-------- Records for this task
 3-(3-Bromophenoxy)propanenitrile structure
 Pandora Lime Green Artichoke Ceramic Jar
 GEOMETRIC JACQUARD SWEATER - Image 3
----------------
-------- Records for this task
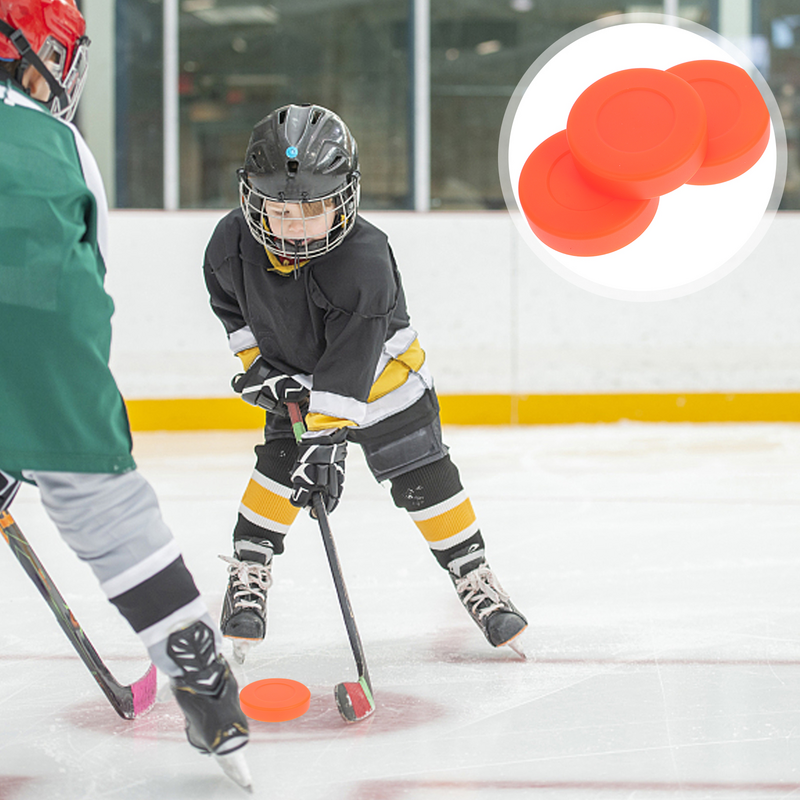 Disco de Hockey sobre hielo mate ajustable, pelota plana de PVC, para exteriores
----------------
-------- Records for this task
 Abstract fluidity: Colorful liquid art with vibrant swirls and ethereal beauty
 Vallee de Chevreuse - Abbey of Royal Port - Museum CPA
----------------
§ **Task**
Give back precisely the lines above that start at the line containing "Abstract fluidity: Colorful" and end at the line containing "Vallee de Chevreuse", inclusive. No other lines belong in the output.

§ **Response for this exercise**
 Abstract fluidity: Colorful liquid art with vibrant swirls and ethereal beauty
 Vallee de Chevreuse - Abbey of Royal Port - Museum CPA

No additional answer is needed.